## What to produce
Lines before the one containing "NZ house exterior" are not wanted; restate the rest below word for word, through the last line, but drop any pictures.

──────── Supplied entries ────────

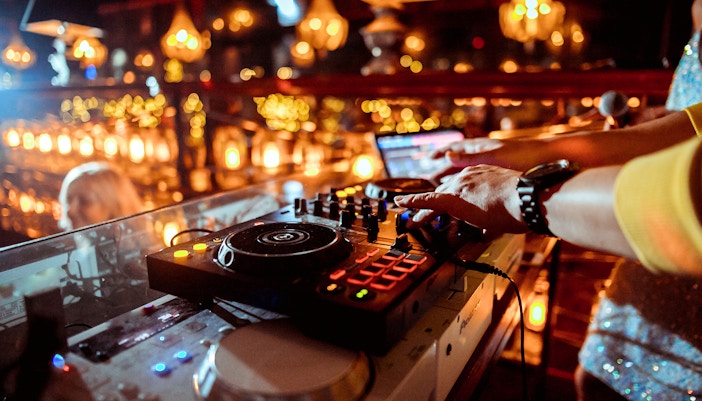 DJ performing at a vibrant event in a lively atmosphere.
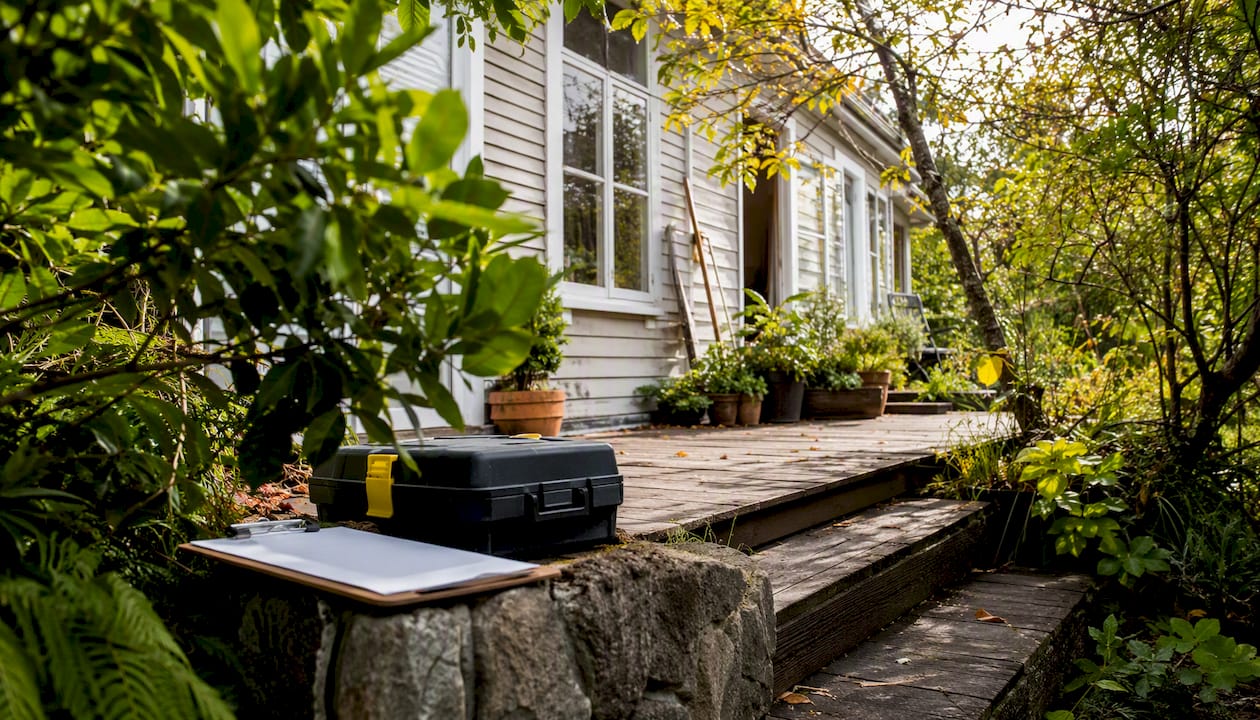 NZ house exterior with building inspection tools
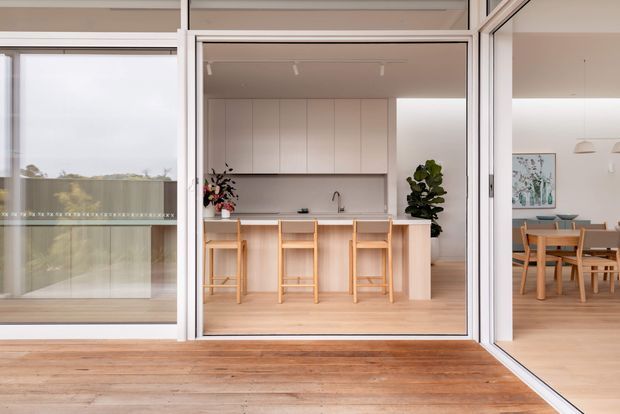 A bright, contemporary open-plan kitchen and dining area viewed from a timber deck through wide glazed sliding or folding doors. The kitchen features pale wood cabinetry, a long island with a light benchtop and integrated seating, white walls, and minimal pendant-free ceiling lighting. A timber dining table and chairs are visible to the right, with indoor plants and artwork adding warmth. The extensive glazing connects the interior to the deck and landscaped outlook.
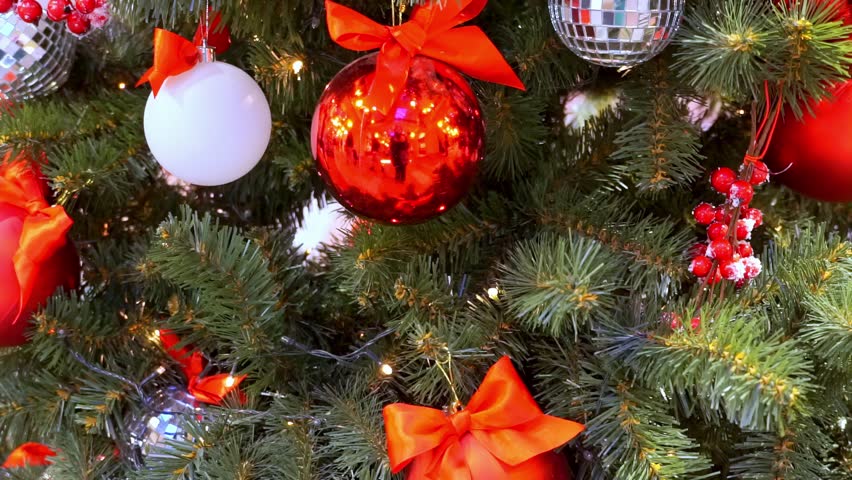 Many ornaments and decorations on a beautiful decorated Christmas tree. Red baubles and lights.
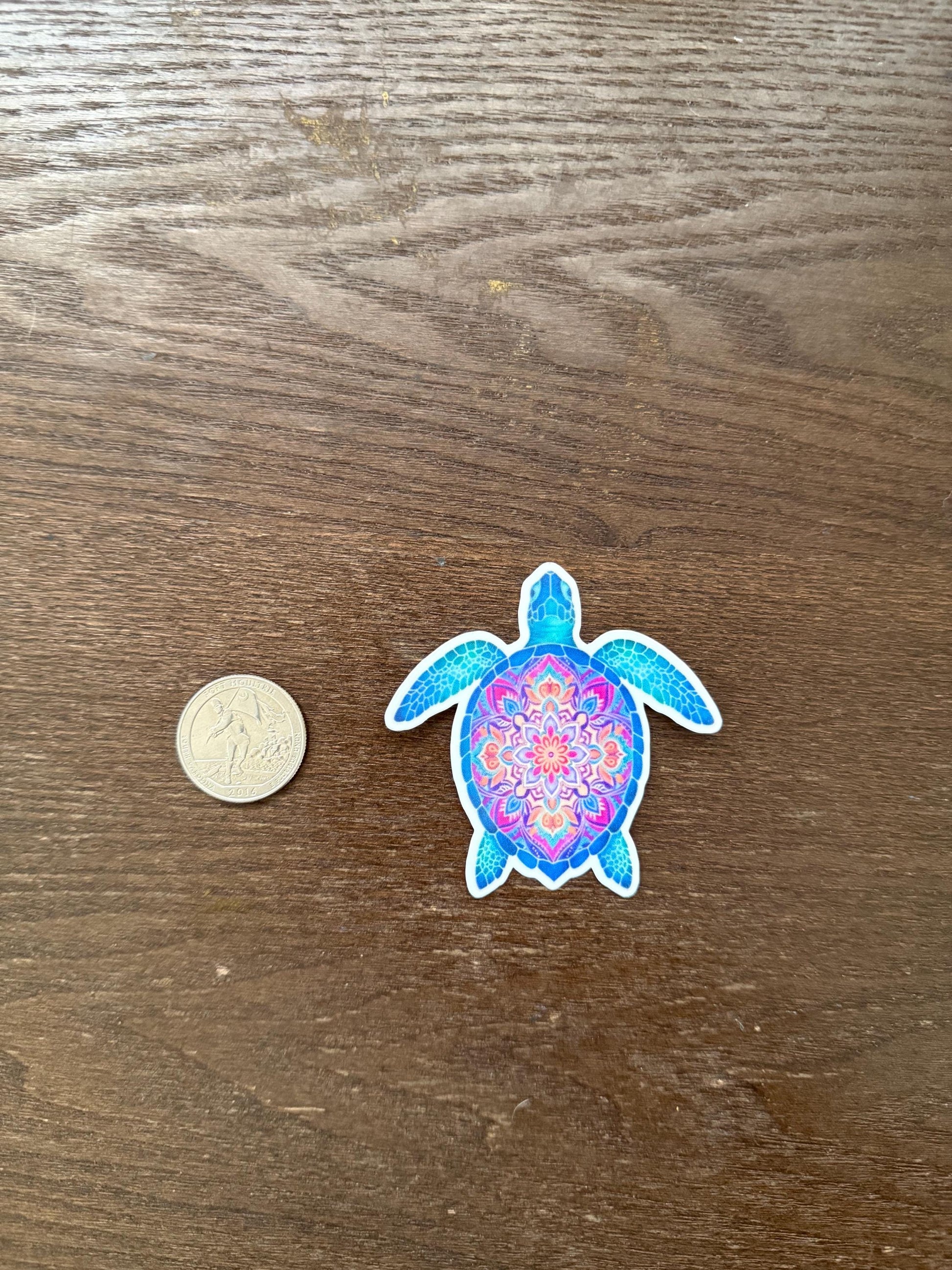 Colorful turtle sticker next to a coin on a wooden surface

────────

## Output for this exercise
 NZ house exterior with building inspection tools
 A bright, contemporary open-plan kitchen and dining area viewed from a timber deck through wide glazed sliding or folding doors. The kitchen features pale wood cabinetry, a long island with a light benchtop and integrated seating, white walls, and minimal pendant-free ceiling lighting. A timber dining table and chairs are visible to the right, with indoor plants and artwork adding warmth. The extensive glazing connects the interior to the deck and landscaped outlook.
 Many ornaments and decorations on a beautiful decorated Christmas tree. Red baubles and lights.
 Colorful turtle sticker next to a coin on a wooden surface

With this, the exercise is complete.